Es desde luego casi imposible de creer que todavía en la década de los sesenta del siglo XX pudiera Bernstein mantener con enorme éxito un programa televisivo dedicado a explicar la música clásica o que los conciertos de la orquesta de la BBC tuvieran una audiencia millonaria por la radio. Eran tiempos en los que grandes maestros como Thomas Mann o Camus podían encabezar simultáneamente la cima literaria y la de superventas. Todo eso se acabó. Y no va a volver. Seguramente, para nuestro bien.

La causa es, sin duda, la inconcebible extensión del campo llamado "cultural" y la entrada como consumidores de miles de millones de ciudadanos que hasta hace pocos años no manifestaban el menor interés por esos productos. La masificación de los museos es cosa reciente: yo me he paseado por un Louvre absolutamente vacío, excepto en dos salas contaminadas por la notoriedad. Los escritores norteamericanos de la posguerra sabían que caracterizar a un personaje como aficionado al béisbol le daba un inconfundible sello popular, pero que si visitaba un museo o leía un libro quedaba marcado como blanco de clase media y posiblemente judío. Hemingway era sutilísimo en esas pinceladas que hoy pasan inadvertidas.

Cuando hablamos de masificación cultural deberíamos en realidad emplear otra expresión para ser más exactos: democratización cultural. El proceso de masificación no es sino el efecto industrial de la democratización aplicada al campo "artístico". Y los viejos escritos de Th.W. Adorno contra lo que él llamaba "cultura popular", así como los de tantos otros elitistas inconscientes que escribieron contra la "industria cultural" no estaban sino tratando de prolongar el sistema rotundamente clasista de la Europa más tradicional. No en vano casi todos los críticos de la "industria cultural" provenían de la izquierda. Una izquierda que creía en la clase política, es decir, en ellos mismos, como vanguardia de una población ignorante ("alienada", se decía) a la que despreciaban. No han cambiado mucho las cosas en España.

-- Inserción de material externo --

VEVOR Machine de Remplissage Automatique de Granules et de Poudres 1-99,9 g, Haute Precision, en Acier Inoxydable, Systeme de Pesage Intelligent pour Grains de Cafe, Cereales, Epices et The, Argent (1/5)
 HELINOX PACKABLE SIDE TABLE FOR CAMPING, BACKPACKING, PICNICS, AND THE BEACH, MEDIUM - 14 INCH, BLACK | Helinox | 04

La democratización del Arte, en el terreno literario, comenzó entre nosotros con Cien años de soledad. Nadie podía negar su calidad literaria, sin embargo la venta de millones de ejemplares puso en evidencia un desfase entre las escrituras minoritarias, en general alabadas, y las populares, siempre atacadas por la izquierda. Recuerdo perfectamente a ciertos mandarines "progresistas" que ensalzaron el libro cuando se publicó, pero pronto lo consideraron una "concesión al comercio" en cuanto el libro superó el margen que ellos habían puesto a la élite lectora. Entonces dijeron que "lo bueno de García Márquez es El coronel no tiene quien le escriba". Pocos años más tarde sucedió algo similar con las primeras y admirables novelas de Vargas Llosa.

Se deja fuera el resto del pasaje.